ACTIVITY — With the pictures omitted, repeat exactly the lines below starting with the line that has "Building Photo - 3 bedrooms 1 bath" and going on through the line that has "Фото 14 - Lexus ES".

SUPPLIED ENTRIES —
══════
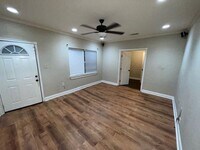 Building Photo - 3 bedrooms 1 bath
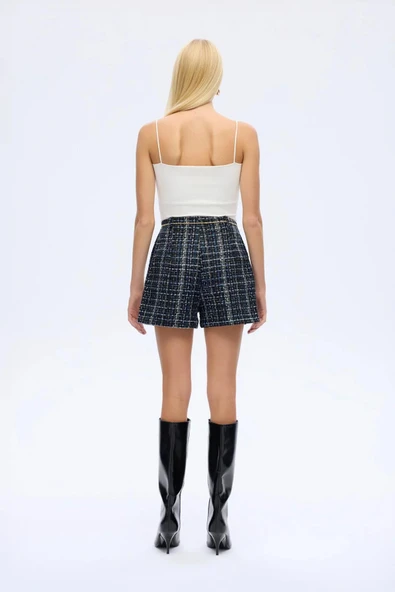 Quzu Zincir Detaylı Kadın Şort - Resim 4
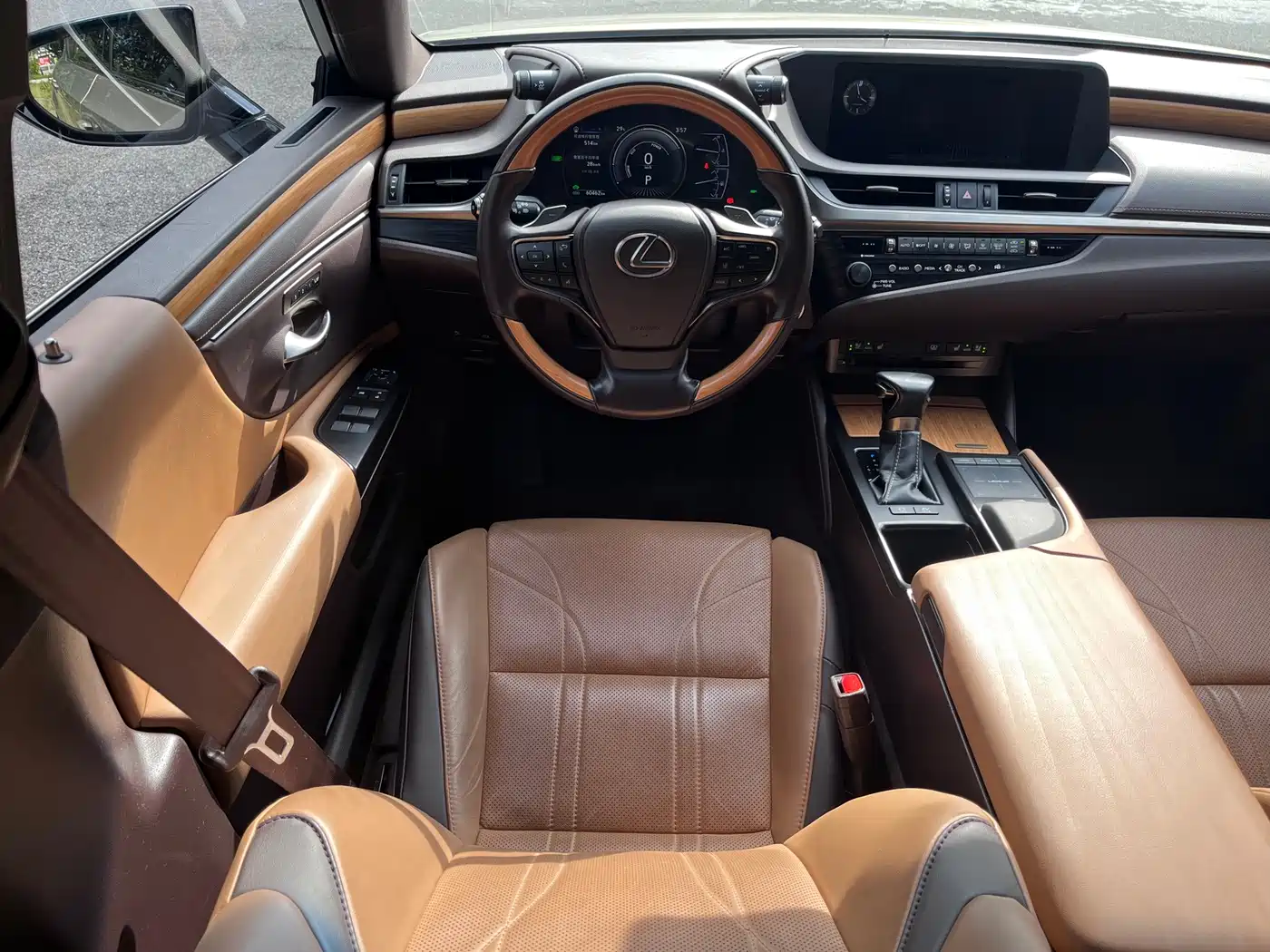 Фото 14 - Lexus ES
══════
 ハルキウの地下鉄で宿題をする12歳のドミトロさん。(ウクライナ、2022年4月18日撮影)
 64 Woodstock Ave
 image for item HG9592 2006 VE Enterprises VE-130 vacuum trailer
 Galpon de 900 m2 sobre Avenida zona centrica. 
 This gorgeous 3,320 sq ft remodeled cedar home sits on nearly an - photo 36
══════
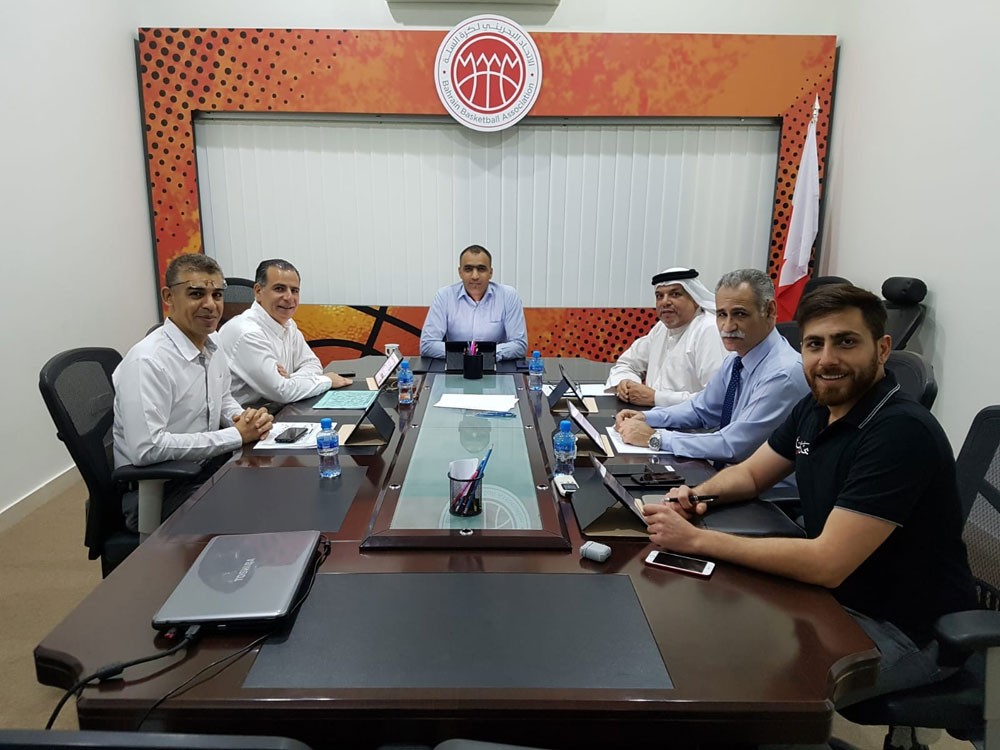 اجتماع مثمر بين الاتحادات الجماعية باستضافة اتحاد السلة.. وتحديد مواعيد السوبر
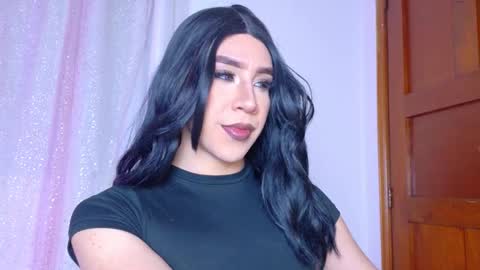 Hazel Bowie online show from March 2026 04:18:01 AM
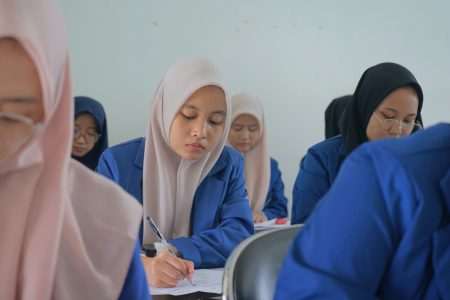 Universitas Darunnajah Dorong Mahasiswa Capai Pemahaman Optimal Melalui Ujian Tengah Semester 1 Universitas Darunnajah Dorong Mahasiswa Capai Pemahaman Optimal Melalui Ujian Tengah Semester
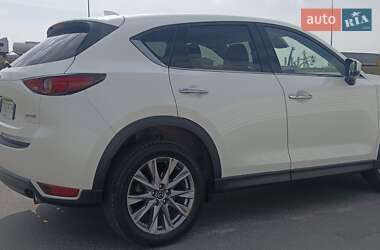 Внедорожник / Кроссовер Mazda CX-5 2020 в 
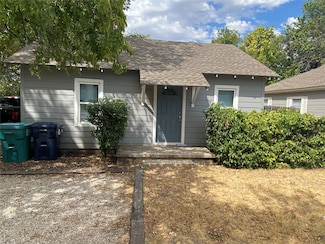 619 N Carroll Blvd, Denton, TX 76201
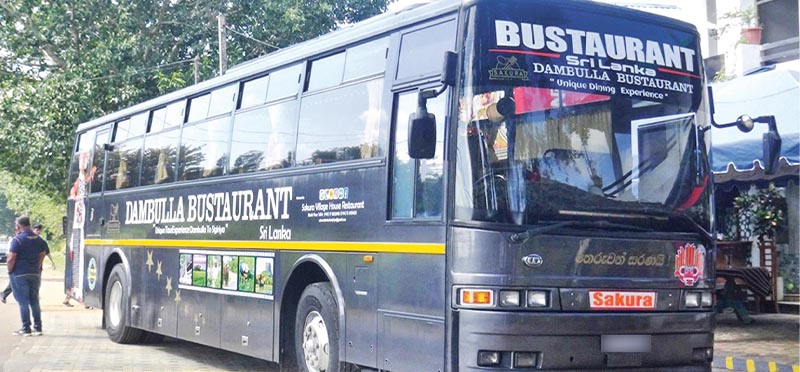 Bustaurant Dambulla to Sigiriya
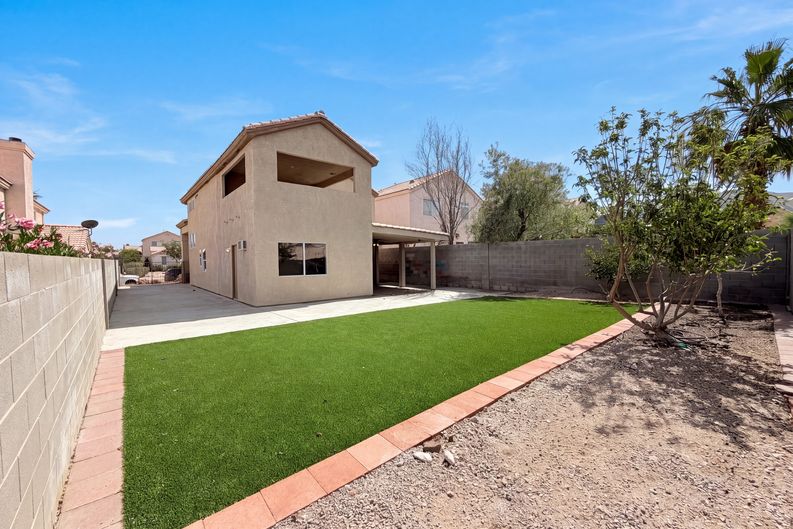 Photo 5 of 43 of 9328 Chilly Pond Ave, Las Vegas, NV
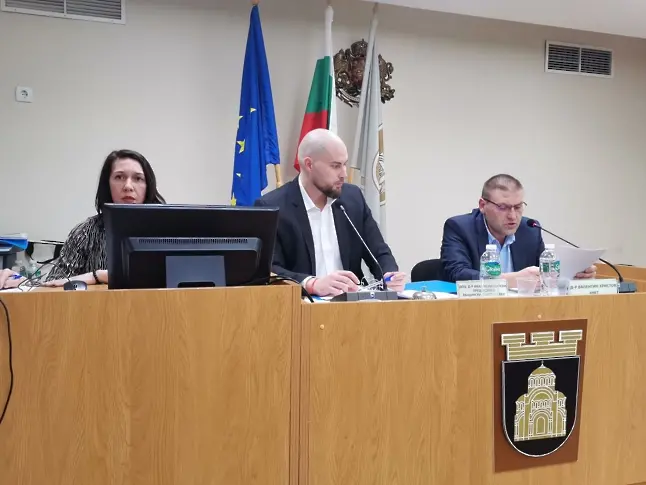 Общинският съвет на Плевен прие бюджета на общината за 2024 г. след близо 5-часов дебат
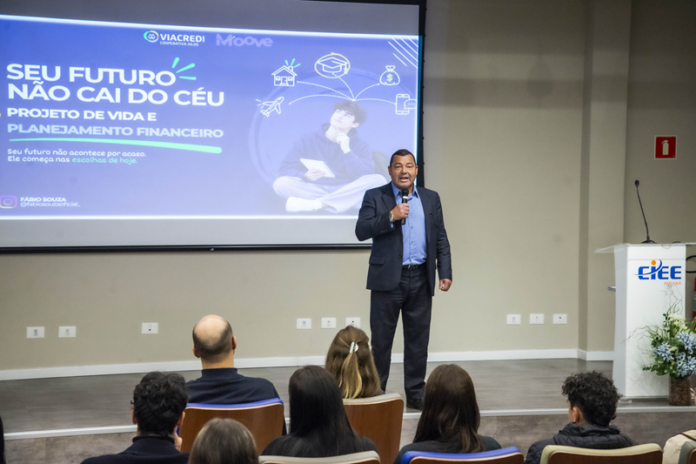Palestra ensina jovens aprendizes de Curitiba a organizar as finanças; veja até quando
══════
ANSWER TO THE EXERCISE —
 Building Photo - 3 bedrooms 1 bath
 Quzu Zincir Detaylı Kadın Şort - Resim 4
 Фото 14 - Lexus ES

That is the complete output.